Le associazioni del settore proliferano, ma allo stesso tempo i casi di violenza aumentano; torna utile a questo punto chiedersi se il ruolo delle associazioni è quello di operare per sensibilizzare ed affermare il contrasto alla violenza oppure è soltanto quello di accogliere le vittime. Purtroppo questa data del 25 novembre sta diventando una ricorrenza retorica, svuotata di significati profondi, di azioni concrete fatte di supporto economico ed aiuto agli orfani e alle famiglie. Chi ricorda il nome dell’ultima vittima, la sua storia? Chi conforta i familiari dati in pasto ai media per dare testimonianza della propria tragica esperienza? Chi sensibilizza realmente l’opinione pubblica al di là del procurarsi audience? Spesso per questa giornata si sprecano tanti soldi pubblici per manifestazioni che si limitano ad esporre scarpette rosse, a condannare verbalmente la violenza mentre la tragica fine di queste donne viene strumentalizzata e mercificata.

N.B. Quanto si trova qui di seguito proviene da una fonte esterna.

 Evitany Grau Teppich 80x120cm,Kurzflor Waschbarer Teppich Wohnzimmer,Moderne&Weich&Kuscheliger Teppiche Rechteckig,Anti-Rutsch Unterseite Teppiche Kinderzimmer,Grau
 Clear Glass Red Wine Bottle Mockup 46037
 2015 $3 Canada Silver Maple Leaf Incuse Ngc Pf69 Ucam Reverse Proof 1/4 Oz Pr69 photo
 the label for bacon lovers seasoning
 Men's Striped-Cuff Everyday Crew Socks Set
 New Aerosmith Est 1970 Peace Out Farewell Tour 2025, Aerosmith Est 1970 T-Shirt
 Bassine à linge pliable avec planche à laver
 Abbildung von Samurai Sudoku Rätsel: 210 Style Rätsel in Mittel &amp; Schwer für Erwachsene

Per qualche giorno su giornali, riviste e trasmissioni televisive di intrattenimento si parla ininterrottamente dell’ennesimo omicidio; la vicenda umana è completamente dimenticata, per una settimana solo gossip con tanta pubblicità e strapagati volti,noti ai salotti televisivi.
Decine di colti ospiti, mille ipotesi di tanti criminologi ed infiniti strumentali commenti, mentre l’interesse dell’ennesimo caso pian piano sfiorisce e si incammina verso l’oblio sociale, pronto ad essere accolto nel dimenticatoio giuridico, dove la giustizia italiana langue.